For my k3s cluster I am using a Raspberry Pi 4 (4GB) as master and two Raspberry Pi 4 (8GB) as workers. As OS of choice I went with Fedora CoreOS installed on SD cards, with a more durable 64GB USB stick for storage. The log directory as well the persistent volumes are mounted on the USB stick to reduce writes to the SD card.
Besides that I am using the k3s cluster to monitor Proxmox and TrueNAS servers as well as pfSense firewalls.
Enter the appropriate IPs in inventory/hosts.ini
and inventory/group_vars/all.yml
.
Add the server certificate and private key in role/traefik/files
as k3s.crt
and k3s.key
for https.
Also search for example.local
and replace all entries with your preferred host names/domains.
Login to master/workers.
sudo rpm-ostree install python3
sudo rpm-ostree install https://github.com/k3s-io/k3s-selinux/releases/download/v1.2.stable.2/k3s-selinux-1.2-2.el8.noarch.rpm
sudo systemctl reboot
In k3s-ansible (follow instructions from that repo) run
ansible-playbook site.yml -i inventory/hosts.ini
and tag worker nodes
kubectl label node k3s-worker-0 kubernetes.io/role=worker
kubectl label node k3s-worker-0 node-type=worker
In k3s-ansible update version in inventory/group_vars/all.yml and then run again
ansible-playbook site.yml -i inventory/hosts.ini
Setup local storage etc
ansible-playbook cluster_setup.yml
ansible-playbook support/create-local-storage.yml --limit node[0] -e local_volume_size=10G -e local_volume_name="vol_10_0"
The monitoring playbook does set up the monitoring stack for k3s itself as well as components to monitor external services: Proxmox, TrueNAS and pfSense.
The basic monitoring stack consists of:
- Prometheus for metrics and scraping
- Loki for logs
- Node Exporter to collect metrics
- Promtail to collect logs
- Grafana for visualization of metrics and logs
I used nodeSelectors on prometheus and loki to ensure they are deployed on separate workers to distribute the load as they by far use the most resources in my cluster.

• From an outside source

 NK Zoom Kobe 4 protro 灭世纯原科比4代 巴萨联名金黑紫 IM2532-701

Additionally, the following components are set up to collect logs and metrics of external services
- rsyslog/promtail to receive external syslogs (rsyslog is added before promtail to ensure external logs can be read by promtail)
- Graphite Exporter to collect metrics of TrueNAS
To set everything up just run:
ansible-playbook monitoring.yml
In TrueNAS under System / Reporting the remote graphite server can be set. I set up port forwarding on the firewall from 2003 to 30109 as TrueNAS per default reports to port 2003 but k3s uses the range 30000-32000 for node ports. The setting can be overridden in /etc/local/collectd.conf but each reboot resets back to default so using port forwarding was the simplest solution.

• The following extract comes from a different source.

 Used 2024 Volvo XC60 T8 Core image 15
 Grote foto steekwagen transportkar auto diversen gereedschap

Under System / Advanced the master node can be set as syslog server to report logs to.
On Proxmox set up node_exporter and pve_exporter, Prometheus is configured to scrape it.

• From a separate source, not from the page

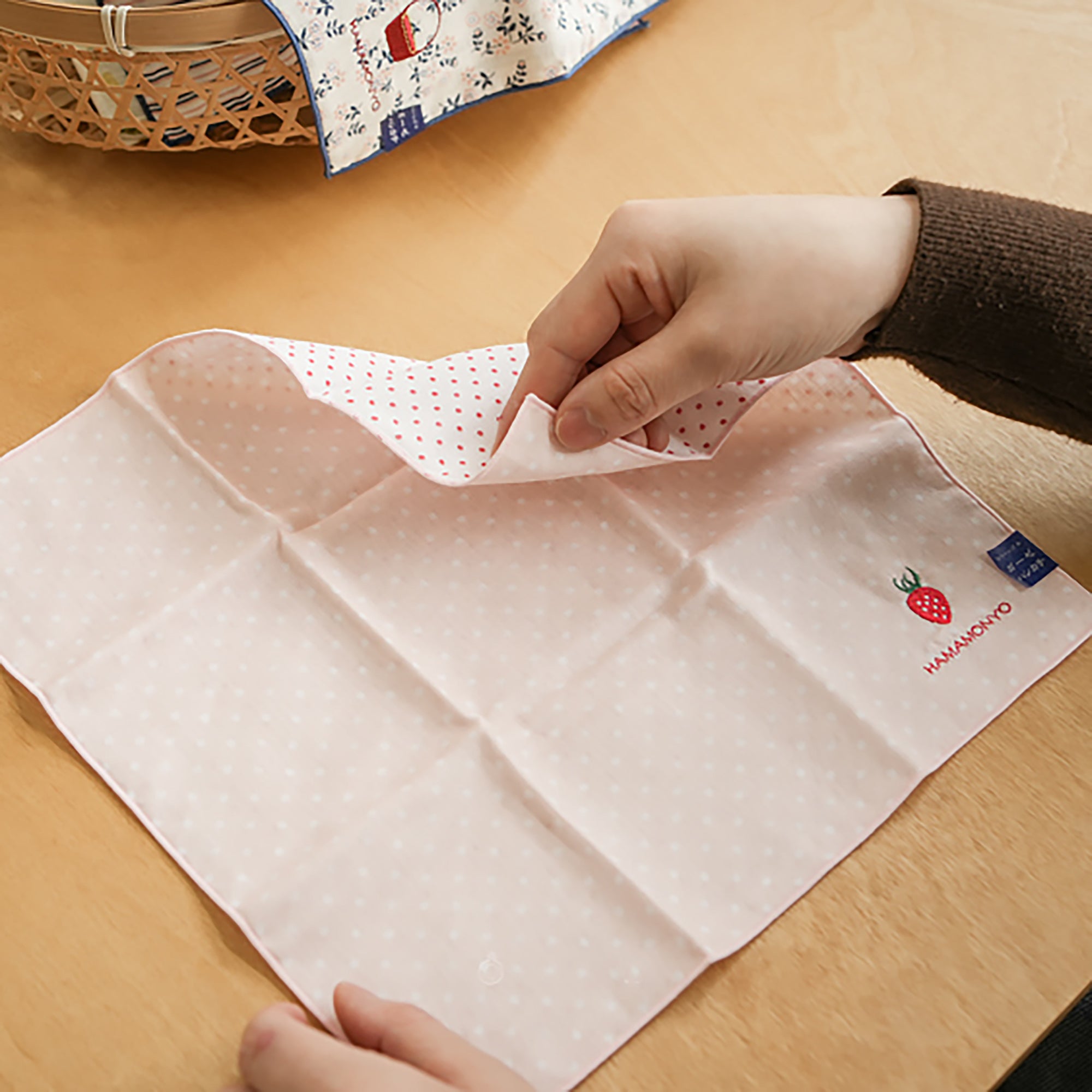 Serviette en coton brodé Hamamonyo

For syslog forwarding just configure it on Proxmox (replace with your master node):
echo "*.* @k3s.example.local:30511" >> /etc/rsyslog.d/remote-logging.conf
For metrics install the Telegraf plugin and set it up to provide a Prometheus endpoint following README.md
For syslog forwarding configure it under Status / System Logs / Settings. Set the Log Message Format to syslog and enable remote logging with the master node (port 30510) as remote log server.
The application playbook sets up the homer dashboard as well as the Servarr stack. Transmission is expected as an external service. Just replace the appropriate host names/domain and run:
ansible-playbook applications.yml